For American drivers filling up with premium at the gas station, AAA has a message for you: unless your owner's manual calls for premium, you're wasting your money.
More than 16 million Americans buy premium even though their cars don't need it, according to a new study released by AAA this week. The association found that premium gas does not improve performance or gas mileage in cars that only require regular-grade fuel.
American drivers wasted $2.1 billion in the past year by using premium gas in vehicles that didn't need it, the report says.
The study conducted in partnership with the Automobile Club of Southern California's Automotive Research Center tested regular and premium-grade fuel in cars with a V-8, V-6 or inline four-cylinder engine designed to run on regular gas. The tests found no significant increases in horsepower or fuel economy, or any significant decrease in emissions, when using premium fuel, AAA Director of Automotive Engineering Greg Brannon tells NPR's Robert Siegel.
"We used something called a chassis dynamometer, dyno for short, which is more or less a treadmill for a vehicle," Brannon says. "Through some very specific tests following EPA guidelines ... we were able to very scientifically quantify the difference — or in this case, the lack of difference — in both performance, emissions and fuel economy as a result of placing premium in a vehicle that is only calling for regular fuel."
The report says that cars built for regular gas can't take advantage of premium's higher octane levels.

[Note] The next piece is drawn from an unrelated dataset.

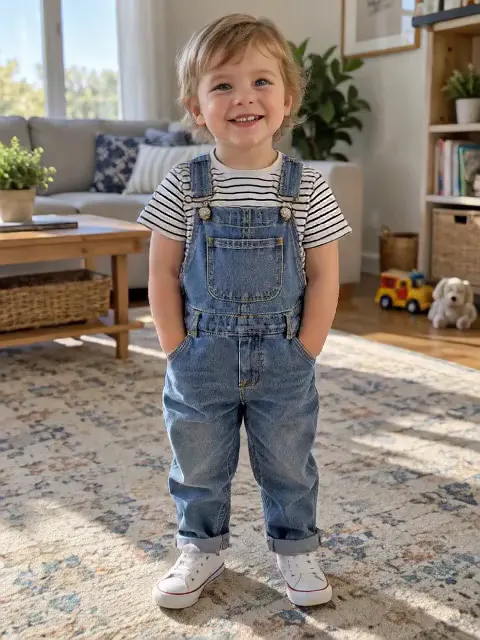 A toddler in denim overalls clapping and swaying in a living room, made with the AI Baby Dance effect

"The difference is really related to its ability to prevent detonation, or that knocking sound that you hear in the engine from time to time," Brannon says. "Those of us that are old enough to remember cars that didn't have the advanced technology that they do today will remember a time when that was much more prevalent. But really the higher the octane, the better the gasoline is at resisting that detonation or pre-ignition."
The study found that drivers who unnecessarily used premium gas did so at least once per month. Brannon says this practice may come down to simple marketing of gasoline.
"I think it comes down to simply the naming — premium," he says. "You put 'premium' on the pump, and the consumer's likely believe that it is a premium product over the others that they have available to them, and therefore, are making that selection."
While there's no advantage, Brannon says that drivers who unnecessarily use premium gas aren't harming their cars.
"The only damage is to their wallet," he says.